FOR IMMEDIATE RELEASE - February 18, 2020

PRESS CONTACTS:

Joseph Duong - jduong@janm.org - 213-830-5690

JANM

THE JAPANESE AMERICAN NATIONAL MUSEUM SUPPORTS CALIFORNIA’S PLAN TO FORMALLY APOLOGIZE FOR THE INCARCERATION OF JAPANESE AMERICANS DURING WWII

A statement from JANM President and CEO Ann Burroughs


Los Angeles, CA – The Japanese American National Museum supports the legislation brought forth by Assemblyman Al Muratsuchi for California to officially offer an apology for the state’s role in aiding the US government’s policy and condemning actions that helped fan anti-Japanese discrimination. The exclusion, forced removal, and incarceration of Japanese Americans during World War II is considered one of the most atrocious violations of American civil rights in the 20th century.

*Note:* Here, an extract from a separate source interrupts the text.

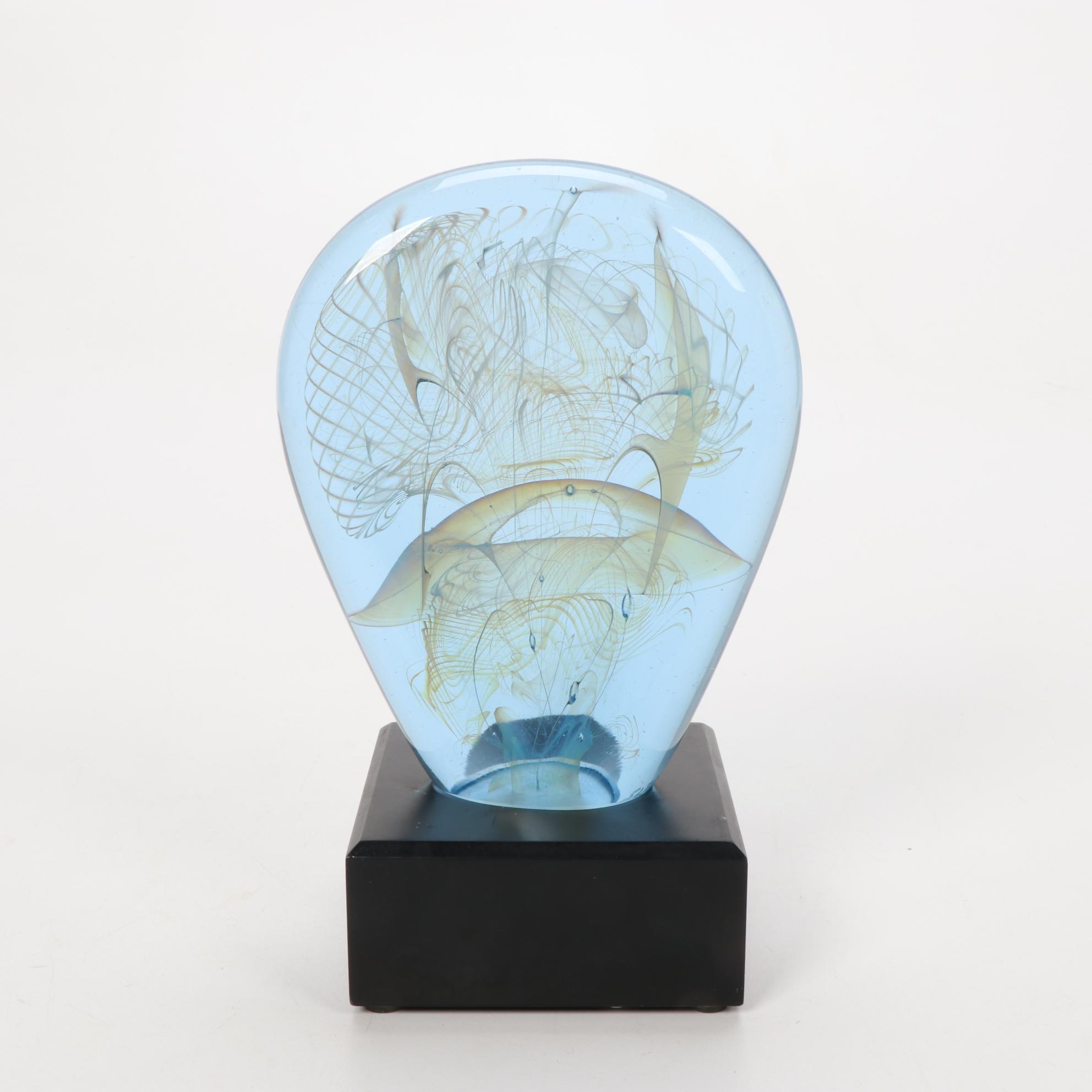 Bill Slade Handblown Art Glass with Illuminating Base, 1990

This apology is welcome but long overdue for the 120,000 Japanese and Japanese Americans held at 10 concentration camps during World War II. Two of these camps, Tule Lake and Manzanar were located in California. Concentration camps were a result of racial prejudice, war hysteria ,and failure of political leadership. The US government formally apologized and paid $20,000 in reparations to each victim in 1988 but the damage had been done; many Japanese Americans never fully recovered.